Anak Medsos Rentan Agresif, Psikolog: Peran Keluarga Penting; Liputan Anik Nur Asia Mas’ud, kontributor PWMU.CO Gresik.
PWMU.CO – Riza Wahyuni SPsi MSi Psikolog menjadi pembicara pada acara Smart Parenting “Tumbuh Kembang dan Kesiapan Belajar Anak” di Aula TK Aisyiyah 36 Perumahan Pongangan Indah (PPI) Gresik, Sabtu (2/7/2022).
“Sebelum kita bicara anak, kita bicara diri kita dulu,” ucap Riza Wahyuni di awal acara.
Dia lalu menanyakan harapan orangtua terhadap anak kepada 45 wali siswa baru yang hadir. “Ketika anak masih kecil, dalam gambaran kita, anakku itu harus sesuai dengan gambaran yang ada di dalam pikiranku, anaknya anteng duduk manis mendengarkan, pokoknya nggak boleh main HP, pokoknya anakku itu harus sehat, cerdas, punya akhlak yang bagus, bisa ngaji,” ujarnya.
Lalu, “Sekarang dalam sehari sudah berapa ayat kita mengaji,” lanjutnya. Jadi kita selalu punya gambaran tentang apa yang kita inginkan tentang anak.
Ketika anak kita tidak seperti yang kita gambarkan, ‘Kok anak saya nggak bisa diem, lari sana lari sini, saya lama-lama capek., saya sudah kerja dari pagi sampai malam, di rumah anak nangis, rasanya kepala mau pecah! Ada yang begitu?’” tanya Bu Riza—panggilannya—dengan senyum.
Ia memaparkan, hari ini ada sekitar 70 persen anak usia remaja yang mengalami depresi, yang datang ke tempat praktiknya.

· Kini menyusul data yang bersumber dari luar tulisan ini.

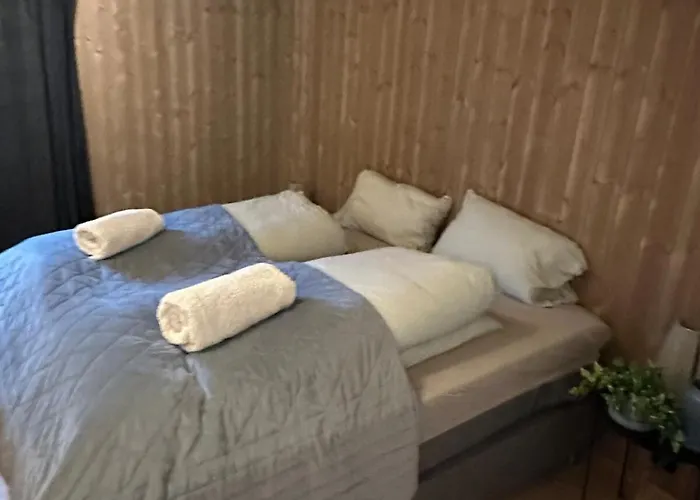 Cozy Little For Rent In Oppheim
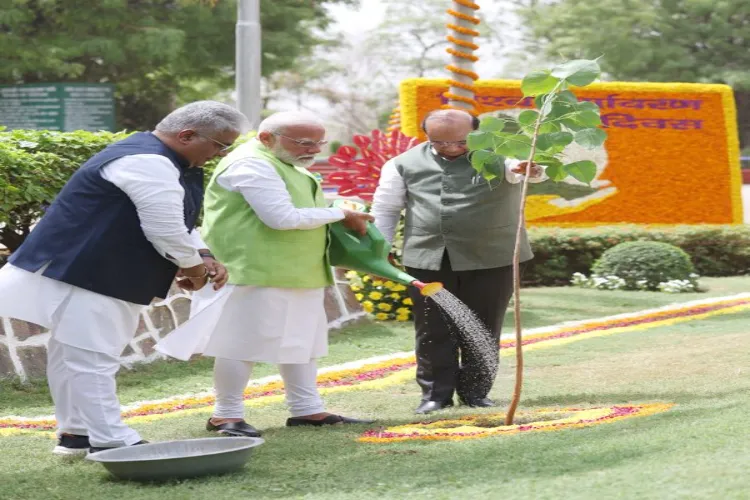  Bhupender Yadav and Delhi L-G Vinai Kumar Saxena participate in planting trees with Prime Minister Narendra Modi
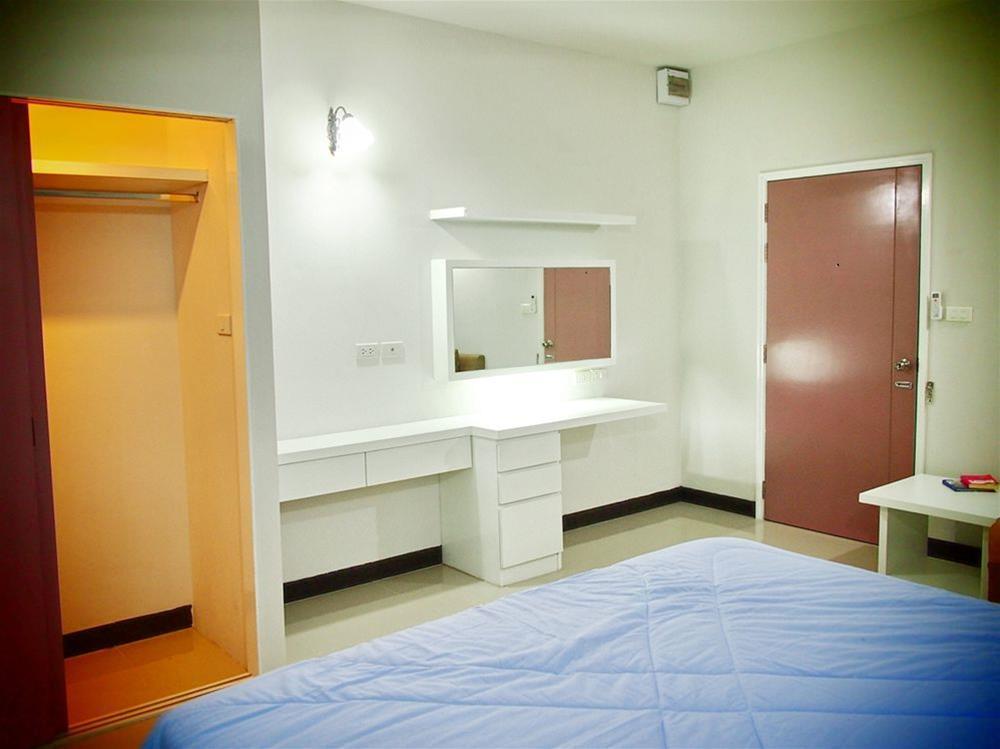 Самутпракан: Full Room 77 Apartment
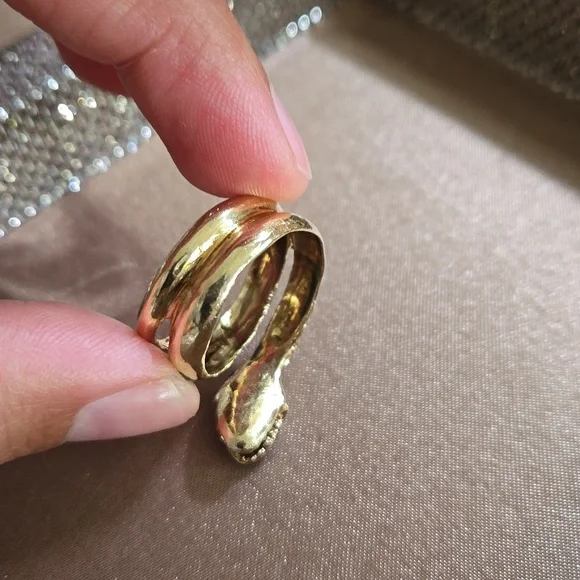 Vintage 14k Gold Enamel Serpent Wrap Coil Ring - Picture 8 of 15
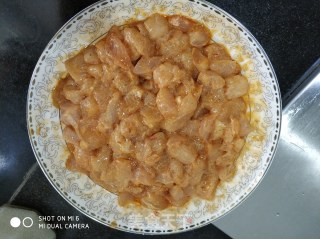 双椒辣子鸡丁的做法步骤：1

Anak usia SD selama tahun 2021 yang mengalami gejala depresi ada 15 anak. Gejalanya, suka marah, emosi yang tidak terkontrol, mengalami kesulitan tidur, bermain gawai lebih dari 10 jam, menolak bersosialisasi, tidak mau makan, atau makan yang berlebihan.
“Nah kalau kita lihat dalam hal ini, berarti ada apa dengan anak kita?” tannyanya. “Kenapa anak dinamikanya menjadi sedemikian rupa”
“Kalau saya sih senang-senang saja. Bapak ibu datang ke saya konsultasi, bayar. Psikolog wayae payu iki. Karena pascapandemi banyak orang yang stres, nggak anaknya, nggakbapaknya, nggak ibunya,” ungkapnya. “Ini menjadi problem kita.”
Anak yang mengalami depresi dengan gejala-gejalanya, sebagian dari mereka karena kehilangan hubungan emosional antara orang tua dan anak. “Banyak di antara kita yang hanya siap jadi bapak dan ibu, jadi mama dan papa, tetapi banyak di antara kita yang tidak siap menjadi orangtua,” sindirnya.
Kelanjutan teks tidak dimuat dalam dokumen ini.